Patsy Cline – The Ultimate Collection: #760 of best 1,000 albums ever!

Patsy Cline - The Ultimate Collection

Why is Patsy Cline’s The Ultimate Collection on my best 1,000 albums ever list?

I don’t think it’s crazy at all to say that this is one spectacular musical collection.

Some stats & info about Patsy Cline – The Ultimate Collection

  • What kind of musical stylings does this album represent? Country, Pop, Pop Music, Rockabilly, Country Pop, Traditional Country
  • Rolling Stone’s greatest 500 albums ranking – #229
  • All Music’s rating5 out of 5 stars
  • When was The Ultimate Collection released? 2000
  • My ranking, the one you’re reading right now – #760 out of 1,000

Patsy Cline’s The Ultimate Collection on Spotify

What does the “best 1,000 albums ever” mean and why are you doing this?

Yeah, I know it’s audacious, a little crazy (okay, maybe a lot cray cray), bordering on criminal nerdery.

But here’s what it’s NOT: a definitive list of the Greatest Albums of All-Time. This is 100% my own personal super biased, incredibly subjective review of what my top 1,000 albums are, ranked in painstaking order over the course of doing research for nearly a year, Rob from High Fidelity style. Find out more about why I embarked on a best 1,000 albums ever project.

What does Patsy Cline’s The Ultimate Collection mean to me? What does it make me feel?
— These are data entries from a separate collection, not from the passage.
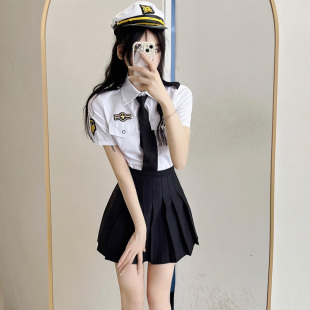 学院风两件套jk制服全套气质空姐短袖衬衣工作服百褶裙套装女夏季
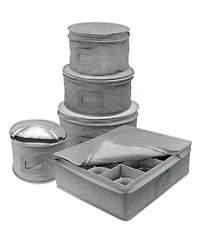 Sorbus 5-Piece Quilted Dinnerware Storage Set - for Transporting Dishes, Round Plates, Glassware, Cups, and mugs with Felt Plate Protectors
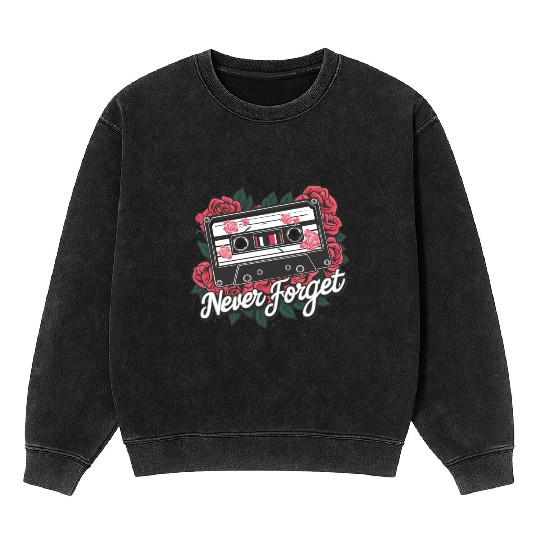 A cassette tape colored with roses Mineral Wash Sweatshirts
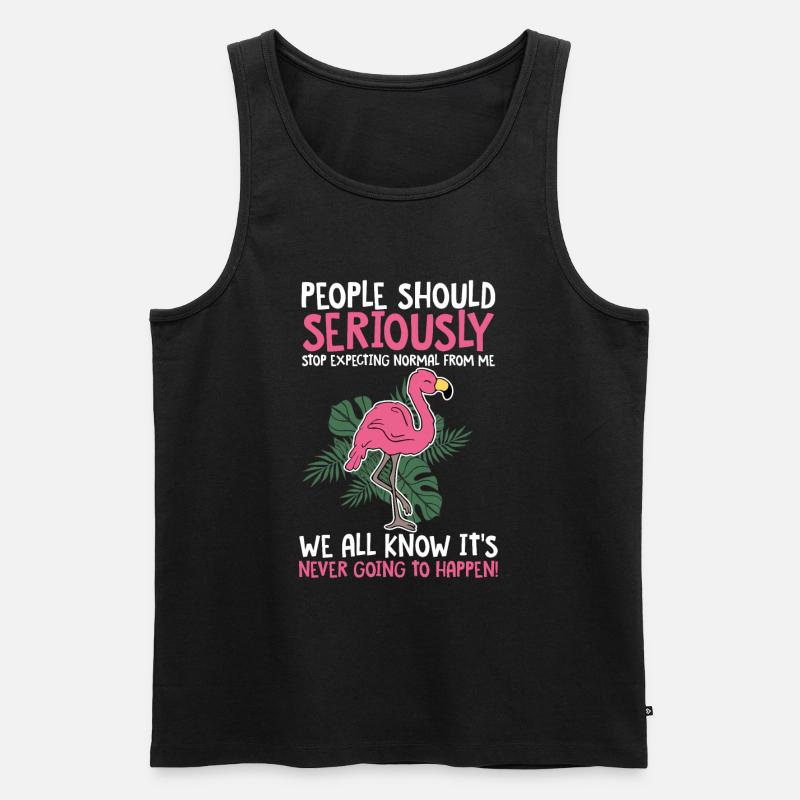Flamingo - Männer Premium Bio Tank Top - Schwarz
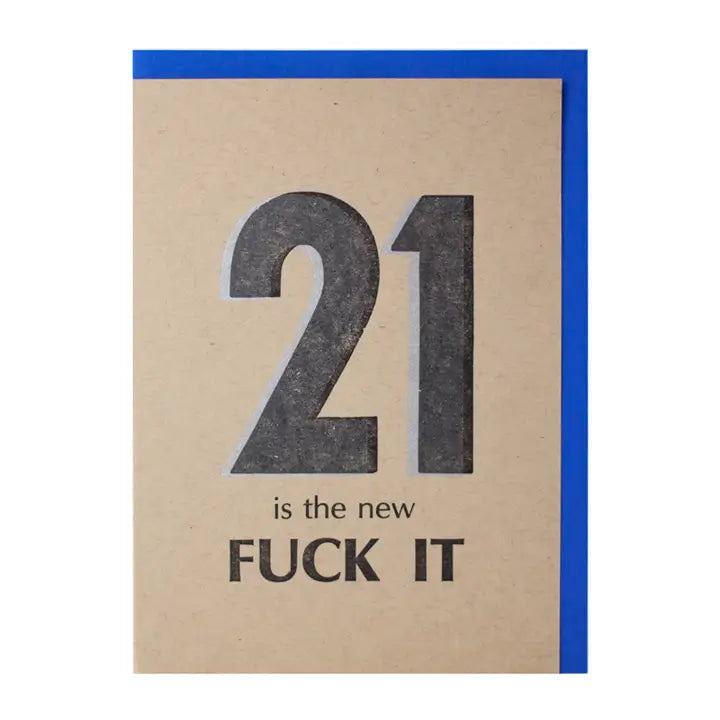 21st Birthday — Funny Sweary Letterpress Greeting Card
Why is it exciting or compelling?

When I was young, I had a fairly narrow interest in music, and happily shrugged off things that didn’t interest me or actively turned me off. Over my life, there have been many “gateway” songs, artists, and bands that allowed me to broaden my interests and tastes over time.

For example, there was a time in my life where I full throatedly would declare, “Oh, I hate country music.” It just so happened that the country music that I was exposed to at that point in my young life didn’t particularly interest me, so I just slapped the “I hate country” label on anything that smacked of a country twang, be it vocal or guitar or both.

And, to be fair, I was likely even incorrect even at that time as I’m sure I at least tolerated Kenny Rogers and Dolly Parton or other country music I might have been exposed to around at that era.  

Which all leads up to some moment – possibly in my late teen years but more likely in my early twenties – when I heard Patsy Cline for the first time (or at least what I perceived to be the first time). I do recall the song, though: “Crazy.” And I remember thinking, “Wait… this is country, but I kind of like it, what’s going on here?

In a word: crazy. And from that point I realized, “Oh, there’s a certain kind of country music that’s good,” and soon I was off to the races with Johnny Cash and my entire notion of genres of music that I rejected out of hand quickly began to shatter.

These days, “Walkin’ After Midnight” is my favorite Patsy Cline song. Every time I hear it’s opening twangy chords, I can literally feel myself breathing a little easier. It has a physical impact on me like that. Probably I didn’t even know a feeling like that was possible when I was a kid. Who knows?  

I wrote this note about “Walkin’ After Midnight” while doing research for the best 1,000 albums ever project: “It makes you want to get a coffee at a sleepy, friendly cafe in the middle of nowhere… after midnight or so.”

“Strange” is simply gorgeous. I bet Roy Orbison would have done a fabulous cover of this song, but probably no one could have topped the Patsy Cline original.